Fallot began his studies in 1908 at the University of Lausanne, under the well known geologist Maurice Lugeon. In 1909 he moved to Grenoble to work at the laboratory of geologist and paleontologist Wilfred Kilian on ammonites of the Balearic Islands. In 1910-1911 he broadens his knowledge of general geology and stratigraphy at the Sorbonne led with Emile Haug.

From 1914 to 1916 he serves in the French army, which earned him the Croix de Guerre, with five honorable mentions, and the Ordre national de la Légion d'honneur Cross.

After the war, Fallot was employed by his former teacher Kilian in Grenoble and continued his work in Mallorca. His "Geological Etude de la Sierra de Majorque" appears in 1922. The next year Paul Fallot was appointed director of the Institute of Applied Geology in Nancy, a position he keeps the next 14 years. With staff and students he worked in the Jura, but his main work he performed in the Betic ranges of southern Spain and the Rif Mountains of North Africa. In 1931 the Academy of Sciences grants Fallot the Grand Prix des Sciences physiques.

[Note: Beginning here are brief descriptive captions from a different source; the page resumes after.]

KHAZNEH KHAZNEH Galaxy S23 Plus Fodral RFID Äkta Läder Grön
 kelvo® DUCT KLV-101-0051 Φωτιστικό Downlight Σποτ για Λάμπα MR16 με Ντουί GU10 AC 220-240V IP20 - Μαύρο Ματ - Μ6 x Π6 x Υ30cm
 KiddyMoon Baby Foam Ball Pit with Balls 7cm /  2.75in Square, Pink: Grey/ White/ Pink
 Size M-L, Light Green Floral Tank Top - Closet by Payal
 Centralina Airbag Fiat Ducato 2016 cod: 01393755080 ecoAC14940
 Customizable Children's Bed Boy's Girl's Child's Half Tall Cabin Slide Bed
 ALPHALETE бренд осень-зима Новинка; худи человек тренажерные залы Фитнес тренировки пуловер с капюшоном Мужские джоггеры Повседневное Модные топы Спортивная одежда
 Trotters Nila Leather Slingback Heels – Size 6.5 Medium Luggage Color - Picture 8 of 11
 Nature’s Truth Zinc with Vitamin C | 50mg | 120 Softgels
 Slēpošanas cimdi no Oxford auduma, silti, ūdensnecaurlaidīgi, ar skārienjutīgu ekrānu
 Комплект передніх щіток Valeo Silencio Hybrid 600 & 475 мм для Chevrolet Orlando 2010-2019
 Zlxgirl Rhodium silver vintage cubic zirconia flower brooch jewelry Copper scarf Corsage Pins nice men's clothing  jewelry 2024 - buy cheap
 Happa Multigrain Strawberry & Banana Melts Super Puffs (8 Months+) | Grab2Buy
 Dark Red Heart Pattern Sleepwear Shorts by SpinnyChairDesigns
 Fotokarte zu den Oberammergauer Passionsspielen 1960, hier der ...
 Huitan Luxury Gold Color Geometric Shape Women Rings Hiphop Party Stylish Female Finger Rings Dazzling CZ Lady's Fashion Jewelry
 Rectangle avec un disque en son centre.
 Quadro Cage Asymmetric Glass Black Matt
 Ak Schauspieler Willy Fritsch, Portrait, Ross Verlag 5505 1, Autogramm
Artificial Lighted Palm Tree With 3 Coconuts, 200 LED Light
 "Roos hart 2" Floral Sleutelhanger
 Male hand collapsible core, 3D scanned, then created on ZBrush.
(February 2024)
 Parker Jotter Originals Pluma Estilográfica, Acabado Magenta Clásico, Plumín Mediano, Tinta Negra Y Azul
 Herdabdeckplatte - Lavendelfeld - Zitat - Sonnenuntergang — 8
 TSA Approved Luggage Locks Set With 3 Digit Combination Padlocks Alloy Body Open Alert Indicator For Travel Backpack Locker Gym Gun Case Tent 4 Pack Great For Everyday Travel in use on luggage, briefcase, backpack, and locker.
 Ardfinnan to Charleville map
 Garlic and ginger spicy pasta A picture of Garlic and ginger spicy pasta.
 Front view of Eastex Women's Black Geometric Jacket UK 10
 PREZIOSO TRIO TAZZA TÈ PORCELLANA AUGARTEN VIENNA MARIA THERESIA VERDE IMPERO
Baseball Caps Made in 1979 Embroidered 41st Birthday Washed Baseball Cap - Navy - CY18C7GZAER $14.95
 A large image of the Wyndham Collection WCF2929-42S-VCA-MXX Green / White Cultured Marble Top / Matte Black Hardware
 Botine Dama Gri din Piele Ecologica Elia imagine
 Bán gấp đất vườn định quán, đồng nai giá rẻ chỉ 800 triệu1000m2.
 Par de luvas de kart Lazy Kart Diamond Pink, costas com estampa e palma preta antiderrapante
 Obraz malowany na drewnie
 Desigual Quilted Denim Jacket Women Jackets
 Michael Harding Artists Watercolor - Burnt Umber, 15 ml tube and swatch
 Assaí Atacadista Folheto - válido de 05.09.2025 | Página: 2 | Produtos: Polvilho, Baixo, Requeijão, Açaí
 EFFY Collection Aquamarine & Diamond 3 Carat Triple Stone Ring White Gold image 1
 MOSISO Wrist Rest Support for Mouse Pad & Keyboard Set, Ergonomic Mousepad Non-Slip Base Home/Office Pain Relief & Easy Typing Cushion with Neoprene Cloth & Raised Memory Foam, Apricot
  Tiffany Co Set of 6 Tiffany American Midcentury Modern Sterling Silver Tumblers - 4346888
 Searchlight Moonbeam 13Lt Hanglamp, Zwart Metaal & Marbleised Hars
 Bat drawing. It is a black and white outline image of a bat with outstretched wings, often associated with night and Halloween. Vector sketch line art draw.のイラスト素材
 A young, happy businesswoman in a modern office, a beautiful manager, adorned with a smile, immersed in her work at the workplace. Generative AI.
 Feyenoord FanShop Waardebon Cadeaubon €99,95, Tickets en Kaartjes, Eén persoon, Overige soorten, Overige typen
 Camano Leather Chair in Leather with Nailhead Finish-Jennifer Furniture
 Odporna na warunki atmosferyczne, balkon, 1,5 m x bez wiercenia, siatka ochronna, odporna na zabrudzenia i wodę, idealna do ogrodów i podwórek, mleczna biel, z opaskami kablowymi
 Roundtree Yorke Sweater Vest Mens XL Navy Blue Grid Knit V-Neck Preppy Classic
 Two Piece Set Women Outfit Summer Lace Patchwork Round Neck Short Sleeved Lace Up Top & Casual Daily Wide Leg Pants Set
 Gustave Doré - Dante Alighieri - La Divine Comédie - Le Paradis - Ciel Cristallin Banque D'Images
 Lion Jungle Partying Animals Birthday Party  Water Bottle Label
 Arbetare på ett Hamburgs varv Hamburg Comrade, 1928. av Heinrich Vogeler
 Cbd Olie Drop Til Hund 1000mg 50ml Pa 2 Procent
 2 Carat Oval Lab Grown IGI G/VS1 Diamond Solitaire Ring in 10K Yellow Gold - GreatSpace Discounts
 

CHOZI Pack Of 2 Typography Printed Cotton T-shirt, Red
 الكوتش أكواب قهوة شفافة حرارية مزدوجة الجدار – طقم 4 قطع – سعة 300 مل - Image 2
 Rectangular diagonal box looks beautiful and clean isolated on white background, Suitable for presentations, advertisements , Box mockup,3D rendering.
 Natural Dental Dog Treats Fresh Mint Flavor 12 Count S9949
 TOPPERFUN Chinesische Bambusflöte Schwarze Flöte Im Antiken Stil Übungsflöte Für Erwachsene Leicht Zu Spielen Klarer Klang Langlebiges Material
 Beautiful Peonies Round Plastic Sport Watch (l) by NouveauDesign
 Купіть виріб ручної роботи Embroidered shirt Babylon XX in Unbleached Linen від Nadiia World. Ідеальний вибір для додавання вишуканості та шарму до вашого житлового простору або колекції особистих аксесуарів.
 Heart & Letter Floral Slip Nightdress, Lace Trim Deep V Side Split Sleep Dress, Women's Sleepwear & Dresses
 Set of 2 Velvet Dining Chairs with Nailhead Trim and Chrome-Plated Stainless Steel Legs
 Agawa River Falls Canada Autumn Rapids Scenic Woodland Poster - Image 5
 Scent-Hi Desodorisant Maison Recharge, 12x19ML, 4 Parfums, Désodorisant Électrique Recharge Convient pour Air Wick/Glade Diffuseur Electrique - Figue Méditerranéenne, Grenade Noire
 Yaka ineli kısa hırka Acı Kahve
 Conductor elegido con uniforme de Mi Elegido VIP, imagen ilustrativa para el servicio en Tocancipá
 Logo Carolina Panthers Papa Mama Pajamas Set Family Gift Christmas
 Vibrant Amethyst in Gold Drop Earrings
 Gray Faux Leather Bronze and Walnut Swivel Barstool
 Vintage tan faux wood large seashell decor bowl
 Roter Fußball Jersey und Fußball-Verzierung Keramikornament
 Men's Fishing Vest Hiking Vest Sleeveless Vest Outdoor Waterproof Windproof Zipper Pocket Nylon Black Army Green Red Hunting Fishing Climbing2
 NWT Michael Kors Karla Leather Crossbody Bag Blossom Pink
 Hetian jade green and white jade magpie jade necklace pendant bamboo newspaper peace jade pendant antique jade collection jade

His appointment in 1937 as professor of Geology of the Mediterranean at the Collège de France, seemed the opportunity to scale up his work on the tectonics of the entire area with a team of specialists, but the outbreak of World War II hindered this. During the war he stayed in Paris, prepared publications of the Geological Service of Morocco, proposes a comprehensive document together on the geology of subbetische chains and analyzes the layers of the Triassic of Algeria.

In 1948 Paul Fallot was appointed as member of the Académie des Sciences. Fallot was also one of the foreign members of the Royal Netherlands Academy of Arts and Sciences since May 1960. The Lower Cambrian trilobite genus Fallotaspis was named in his honour.